Wygląda obiecująco. Szkoda, że tylko online.

----------


## ranerd

Przesyłam drugą wersję.

Z dokładnymi wymiarami.
Tutaj już łazienka druga z prysznicem.






Wedlug mnie jest lepiej, 

Ale zastanawia mnie fakt okna w spiżarce, raczej tego nie powinno być.

Co sądzicie?

----------


## Ratpaw

> Przesyłam drugą wersję.
> 
> Z dokładnymi wymiarami.
> Tutaj już łazienka druga z prysznicem.
> 
> 
> 
> 
> 
> ...


Sądzę, że małą łazienka raczej nie ma 5,5 m2. Czytasz w ogóle te opisy?

Spiżarka z oknem jest po to, aby żywność się psuła szybciej, każdy architekt to wie.  :big grin: 
I jeszcze muszla na wprost drzwi.

----------


## Sativum

To raczej spis materiału (?).
Według projektu 2. łazienka ma mieć 2x1,25m
Ciekawe jest natomiast to jak zaznaczona jest umywalka na rzucie xD Zwracajcie na to uwagę, żeby potem nie było, "na rzucie było że kanapa i stół się mieszczą" a w realu ktoś zmniejszył je o 50% by mieszkanie wyglądało na bardziej przestronne.
Kominy (3! - na bogato) do usunięcia = WM 
Okno w spiżarni?!

----------


## ranerd

2 łazienka ma 1,25 x 2,05.
Kominy bedą do usunięcia, to na razie szkic bazowy.

Czytałem forum i archiwalne posty odnośnie spiżarki, 70% opowiadało sie za tym, że nie potrzebna, 30%, że potrzebne okno.

Dla mnie to  bezsens, ale nie wiem co Wy na to.

----------


## Ratpaw

> 2 łazienka ma 1,25 x 2,05.
> Kominy bedą do usunięcia, to na razie szkic bazowy.
> 
> Czytałem forum i archiwalne posty odnośnie spiżarki, 70% opowiadało sie za tym, że nie potrzebna, 30%, że potrzebne okno.
> 
> Dla mnie to  bezsens, ale nie wiem co Wy na to.


Naprawdę 30% uważa, że w spiżarce potrzebne jest okno?
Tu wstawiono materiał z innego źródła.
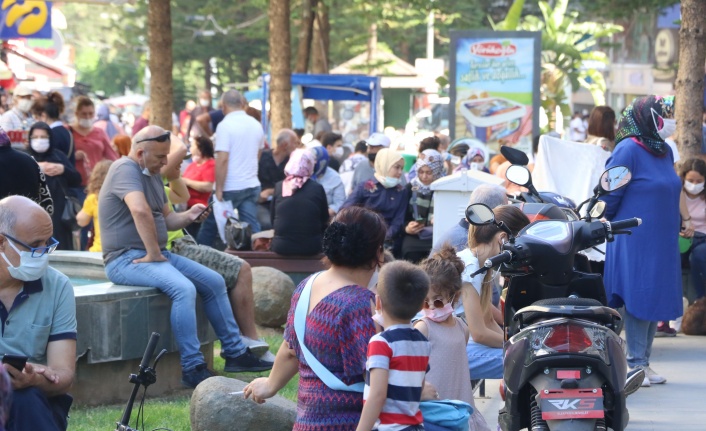 Lokantalar kapalı olunca cami bahçeleri açık hava lokantası oldu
A czym w zasadzie taka spiżarka różni się od szafki cargo w kuchni? Niczym. A w szafkach cargo są okienka? 
Druga sprawa to drzwi do spiżarki - wielkie skrzydło, potrzebujące sporo miejsca w środku spiżarki.

----------


## Sativum

Jak chcesz spiżarkę - ok. 
Nie dawałbym okna - nagrzewa pomieszczenie + jest to dodatkowy (niepotrzebny koszt)
Kolega ma rację, przy małej spiżarce, drzwi będą tam pasować jak słoń w składzie porcelany. 
Nie montowałbym drzwi z ościeżem. Zostawić otwarte, dać przesuwne, lub zabudowane przez stolarza jako element wykończenia kuchni.

----------


## Dzeus86

spizarka - wez ustaw sobie szafki w tej spizarce - to okno blokuje jakiekolwiek mozliwosci ( chyba ze mowimy o szafkach glebokosci 25 cm...). Ten fakt (nie mówie już o pozostałych) wskazuje, że powinieneś zmienić projektanta.
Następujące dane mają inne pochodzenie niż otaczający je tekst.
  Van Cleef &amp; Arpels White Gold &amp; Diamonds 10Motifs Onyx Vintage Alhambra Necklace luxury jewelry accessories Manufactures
jak patrze na plan to wszystko wydaje mi się w tym domu wąskie i podłużne. Nie wiem czy nie ma lepszych gotowych projektów, bo jak to ma być ten szyty na miarę to wygląda na mało ergonomiczny..

----------


## Ratpaw

> spizarka - wez ustaw sobie szafki w tej spizarce - to okno blokuje jakiekolwiek mozliwosci ( chyba ze mowimy o szafkach glebokosci 25 cm...). Ten fakt (nie mówie już o pozostałych) wskazuje, że powinieneś zmienić projektanta.
> 
> jak patrze na plan to wszystko wydaje mi się w tym domu wąskie i podłużne. Nie wiem czy nie ma lepszych gotowych projektów, bo jak to ma być ten szyty na miarę to wygląda na mało ergonomiczny..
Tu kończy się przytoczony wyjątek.